Arriviamo all’autentico casino delle scuole: tra didattica in presenza e a distanza, tra quarantene indicizzate e dad differenziata tra studenti vaccinati e non vaccinati si sta creando un autentico ginepraio al cui confronto i banchi a rotelle erano un gioiellino di razionalità gestionale. L’ultima e più clamorosa novità è proprio quella prevista per i non vaccinati messi dietro la lavagna: se il discorso del trattamento diversificato per le persone adulte poteva avere un senso (e non ce l’aveva), quello per i minorenni è un obbrobrio giuridico dal momento che la decisione se vaccinarsi o meno non è dei ragazzi ma dei loro genitori (una sorta di colpe dei padri scaricate sui figli). La didattica a distanza solo per gli studenti non vaccinati è una disposizione palesemente discriminatoria, assurda (anche le persone vaccinate con terza dose possono contagiare) e dannosa sul piano del diritto allo studio.

Tutti i nostri governanti, centrali e periferici, parlano di emergenza sanitaria, ma non fanno niente di concreto e positivo per affrontarla. L’informazione ci aggiunge del suo.  Ci vengono vomitate addosso valanghe di notizie, dati, pareri, provvedimenti, previsioni, consigli e istruzioni: una sorta di virus parallelo. Da tempo ho smesso di seguire la sarabanda giornaliera anche se è quasi impossibile “scapparla”. Forse ci vorrebbe una elezione presidenziale al giorno per levare l’informazione covid di torno.

In un tardo pomeriggio mi sono recato in farmacia per acquistare alcuni prodotti: file su file. Ad un certo punto ho sbottato: sembra di essere in Russia ai tempi del comunismo! Una giovane e bella signora mi ha detto candidamente: “Forse è ancor peggio!”. Non so cosa intendesse dire e non ho avuto il coraggio di approfondire questo messaggio molto politico. Ognuno è libero di interpretarlo come vuole…
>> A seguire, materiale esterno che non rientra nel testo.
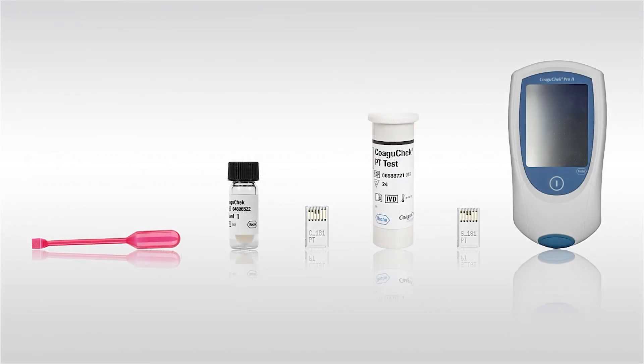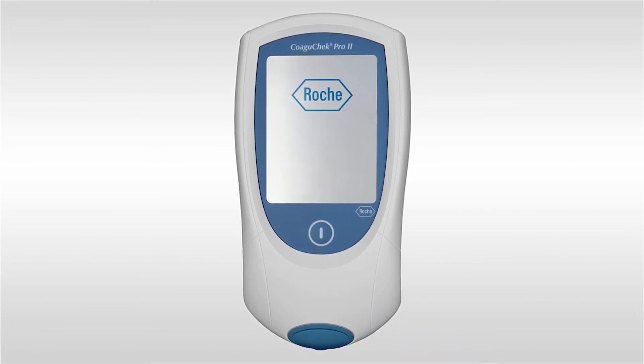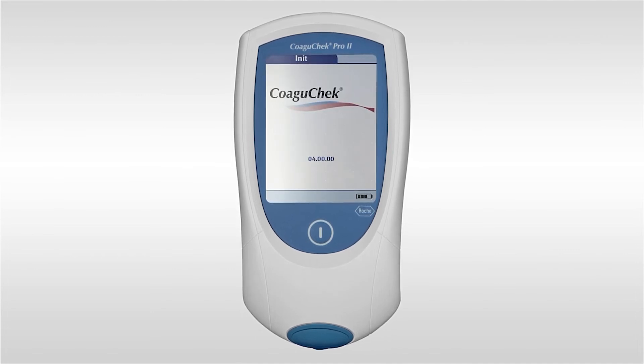To perform a quality control test you will need the meter, the test strips, a level 1 and a level 2 control solution, the corresponding code chips, and two sealed pipettes. Switch the meter on by pressing the power button. Check the battery level and check the time and date are correct. To prepare the quality control solution, please follow the instructions as laid out by the pack insert.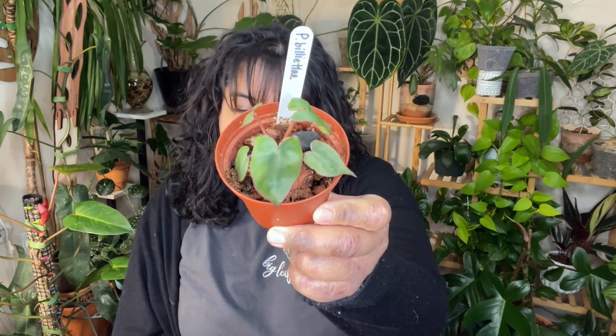The first plant in my collection is actually the one that inspired me to do this video because I definitely don't show this plant enough. It is a little baby Philodendron billietiae. I got it at a plant swap a few months ago — it's actually from Simone Planty, and it came from a variegated mama plant. It was tissue-cultured from a variegated billietiae.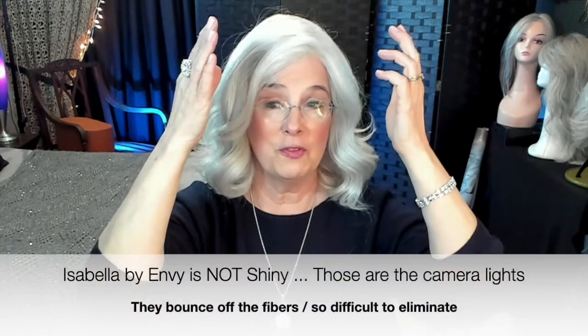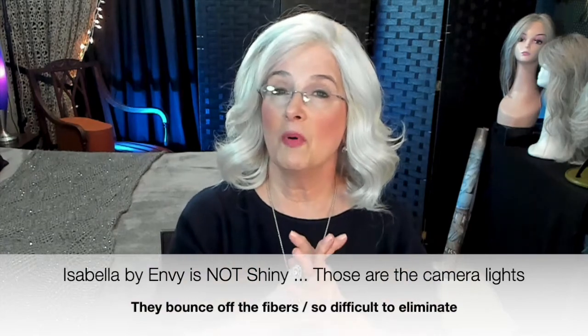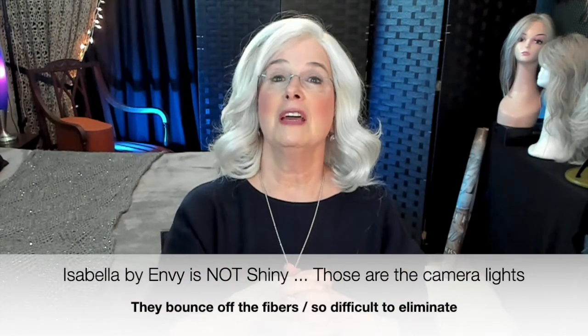My husband loves this wig. She has that ear-to-ear lace front right down to those covered ear tabs. I'm going to talk about the cap construction later in the video, but she does have that full mono top underneath, so you can part her on the sides, in the middle, off center — whatever you feel like. She's made from what Envy calls Envy hair, and it really is Envy hair because it's part real human hair and part synthetic hair.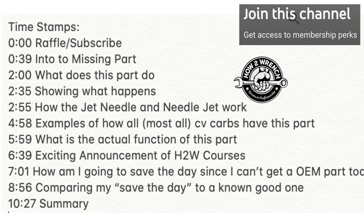I'm going to get really deep — a deep dive into what's the actual function of this part, not just how it reacts. Then I'm going to show you how I can save the day, because this part either flung across the room or it's missing from the last technician.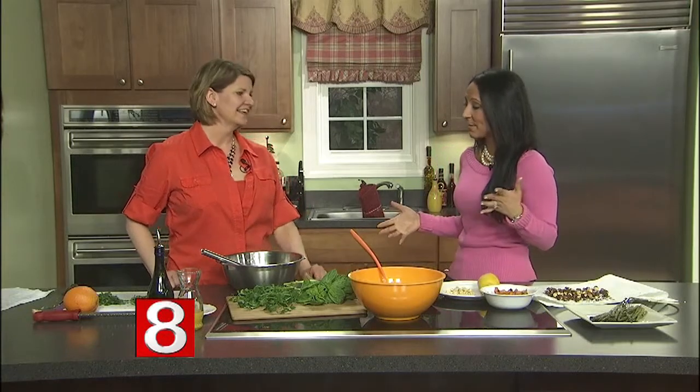Personal chef and cooking instructor Sherry Swanson is here to show us an easy-to-make salad that packs a powerful energy punch. We're going to get a lot of fresh veggies here — it's springtime, and salads are back in the picture.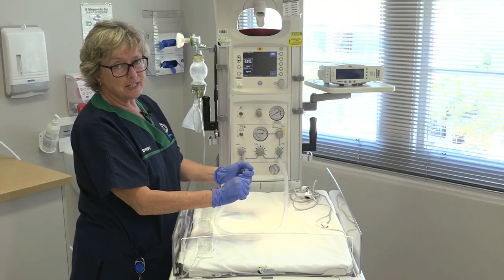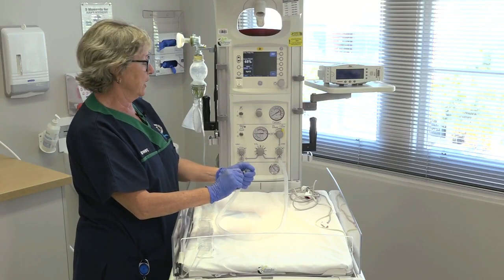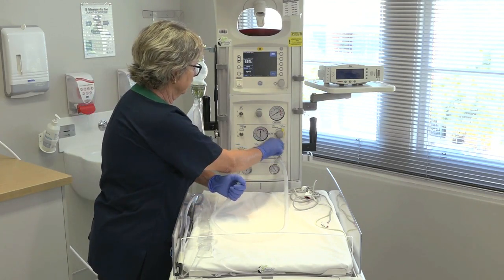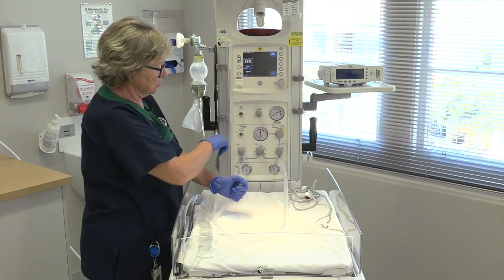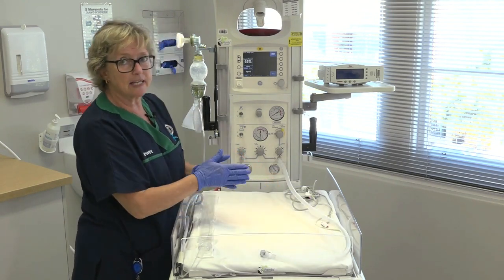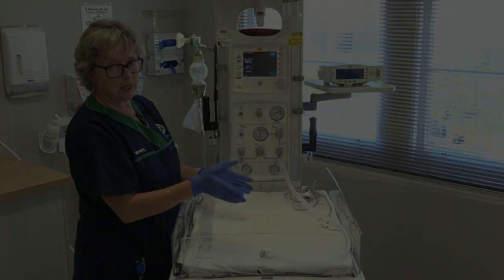If the birth is not imminent, we should turn off the gases to conserve them. We turn off the flow and turn off the toggle switch — everything goes back to zero — and that will conserve our gases for the resuscitation.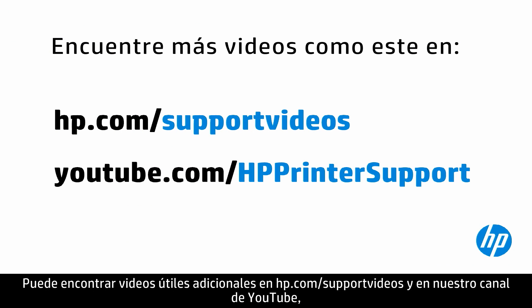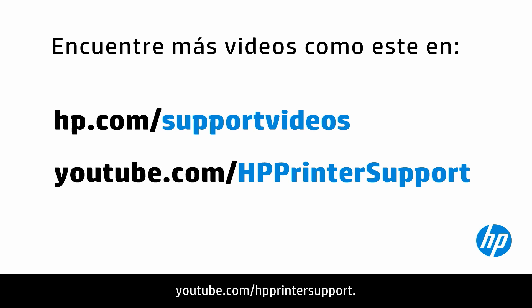You can find additional helpful videos at hp.com/support/videos and on our YouTube channel, youtube.com/hpprintersuport.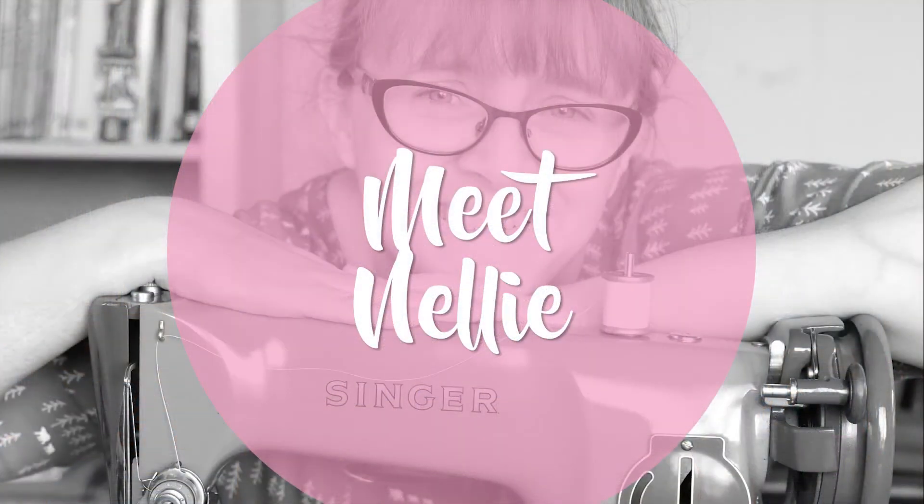Hello everyone, it's Katie from So Old Fashioned, and today I'm going to introduce you to Nellie, who likes to live in a box. Nellie is my Singer 201P, which makes her an Australian Singer, which is why my parents called her Nellie after Dame Nellie Melba, the famous Australian opera singer.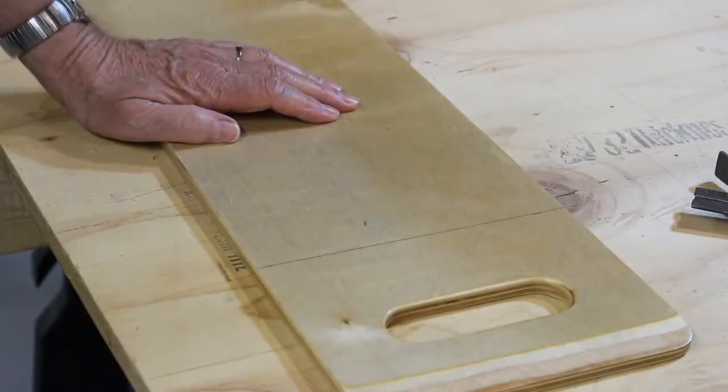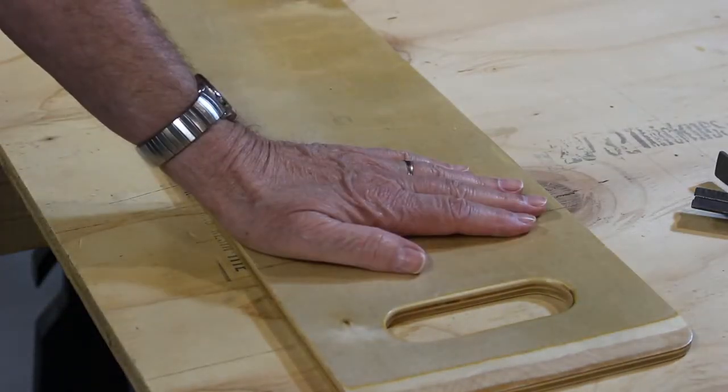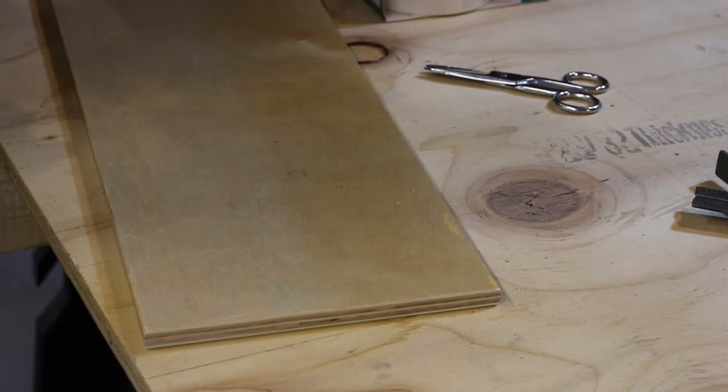I'm going to go over to the saw and cut this off. There's the piece I cut off.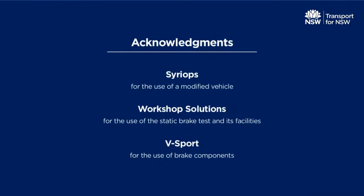Transport for New South Wales acknowledges the following organisations for their assistance in producing this video.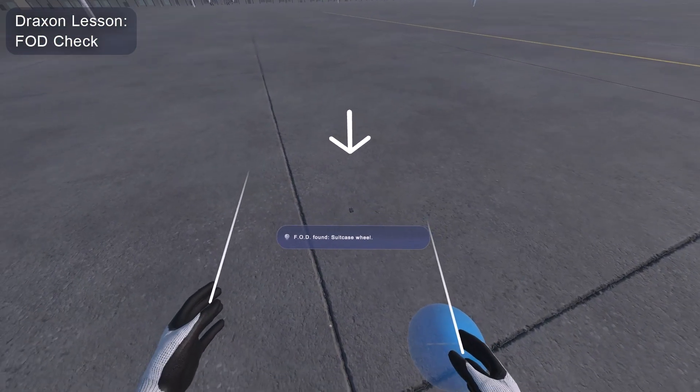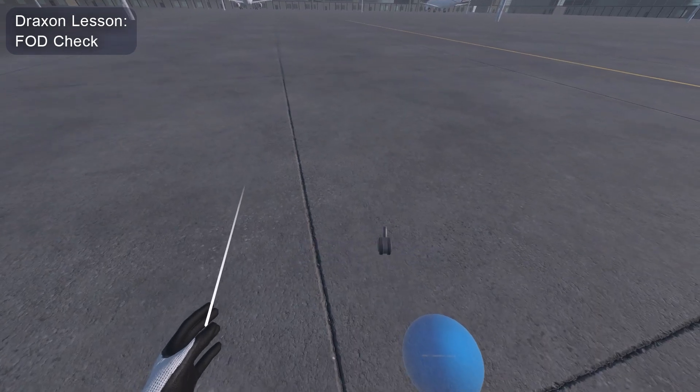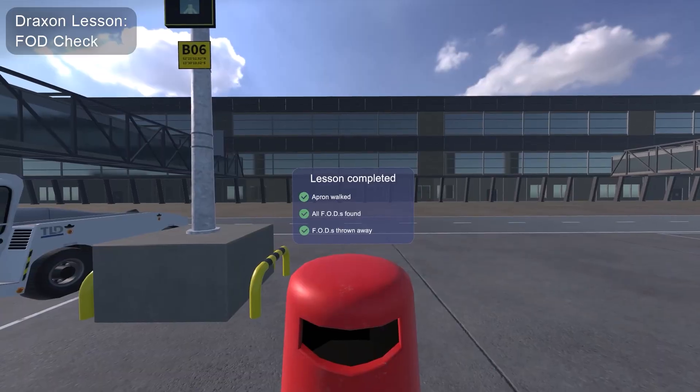You have to clear the red-lined area on the apron free of so-called foreign object debris. Great! You have found all FOD objects. The area is now safe. Great job.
E Mario Draghi? Non mi sento di sparare sul pianista più di tanto, ma devo ammettere che in materia di covid non ha combinato nulla. In una delle solite inchieste terra terra, hanno chiesto ad un’attempata signora quale fosse a suo avviso la giusta collocazione di Draghi, a Palazzo Chigi o al Quirinale. La sibillina risposta è stata: deve stare a casa sua! A quel punto ho pensato che intendesse dire che è così ben sistemato al governo da doverci rimanere come se fosse la sua naturale abitazione. L’intervistatore però è tornato alla carica, chiedendo quale fosse la più importante riforma da chiedere a Draghi. A quel punto la signora è uscita da ogni equivoco: “la riforma di tornarsene a casa!”. È una risposta un tantino qualunquista e controcorrente, ma sono scoppiato a ridere di gusto, non so se perché ero d’accordo, perché ero stressato dal covid o perché mi sembrava di avere assistito ad una simpatica gag. Ci sto ancora pensando su e semmai mi pronuncerò.